Input data:
--*--

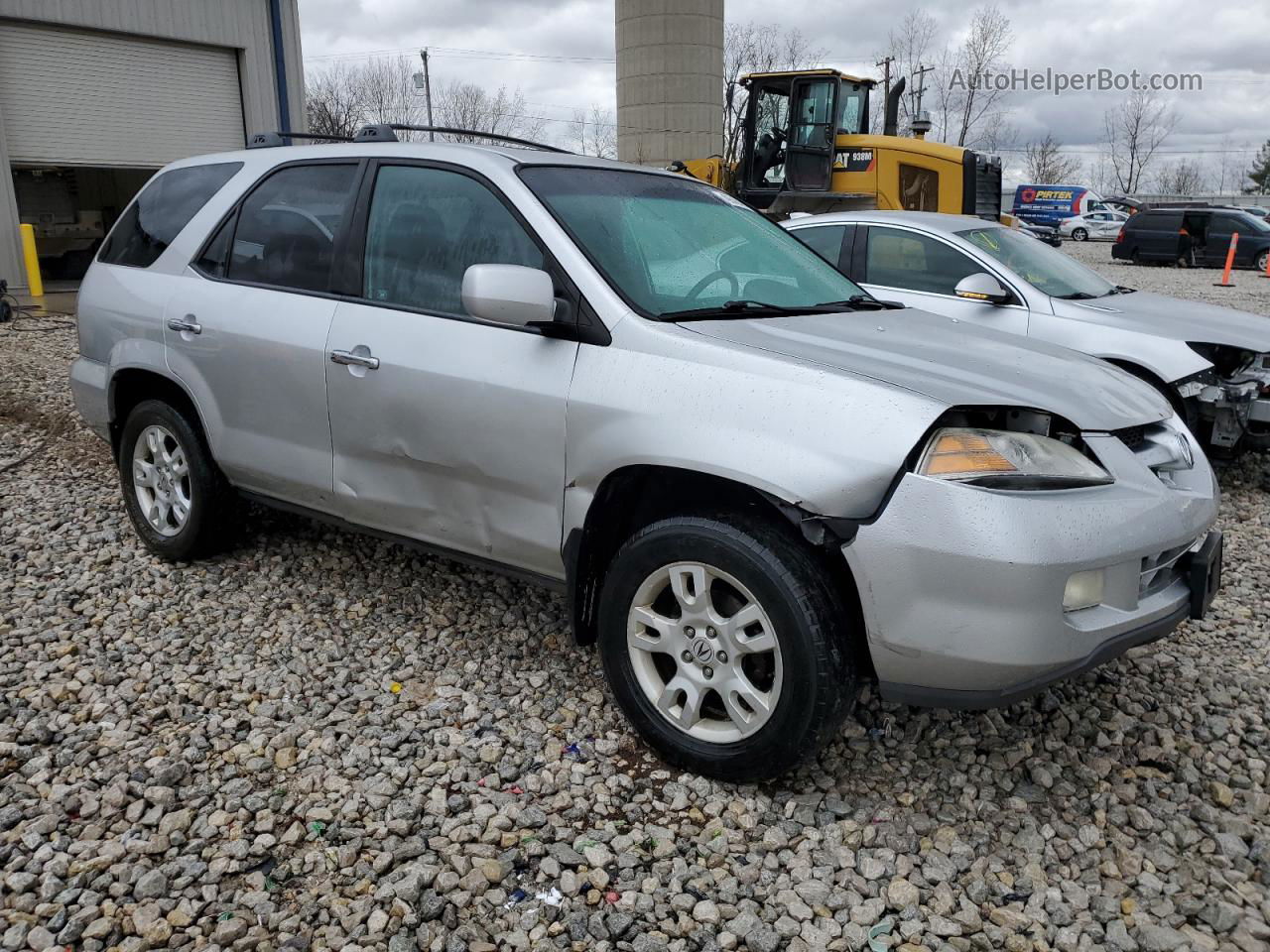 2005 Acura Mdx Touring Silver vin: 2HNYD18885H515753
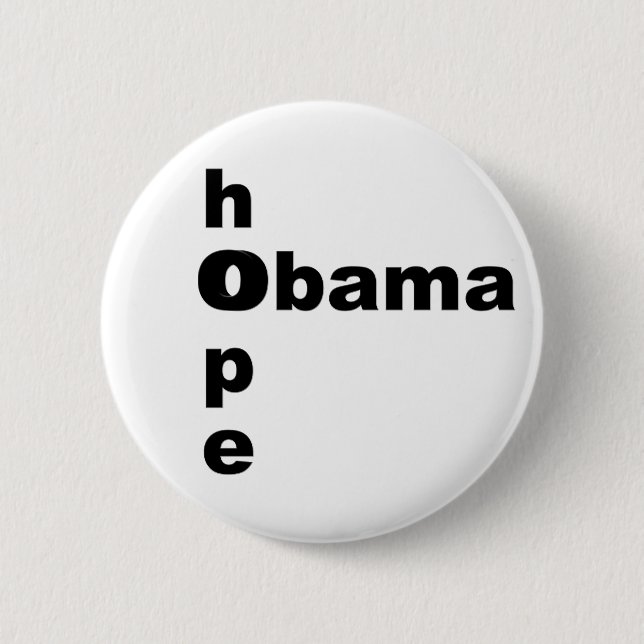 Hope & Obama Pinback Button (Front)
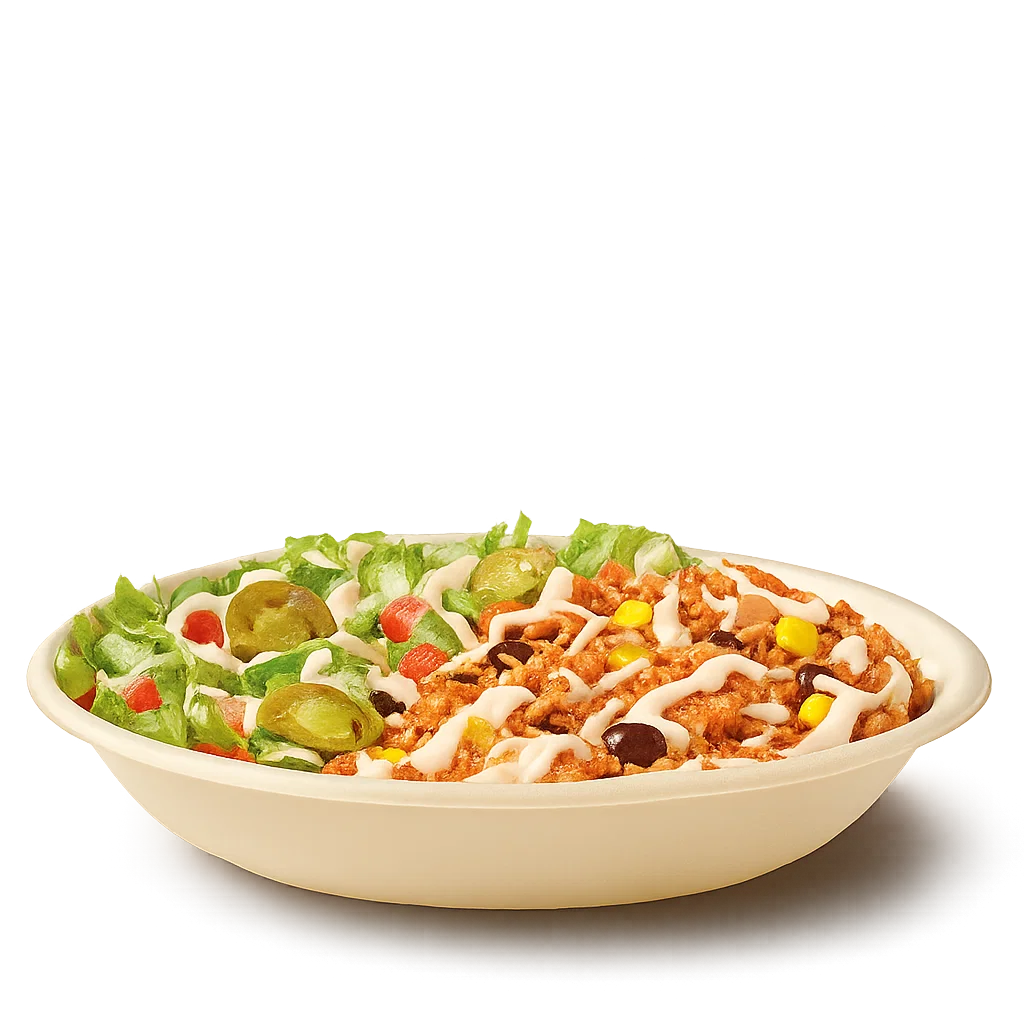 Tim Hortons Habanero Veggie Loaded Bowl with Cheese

--*--

Work request: Nothing but an exact copy of the data above, minus its pictures, should appear in the response.

Task result:
 2005 Acura Mdx Touring Silver vin: 2HNYD18885H515753
 Hope & Obama Pinback Button (Front)
 Tim Hortons Habanero Veggie Loaded Bowl with Cheese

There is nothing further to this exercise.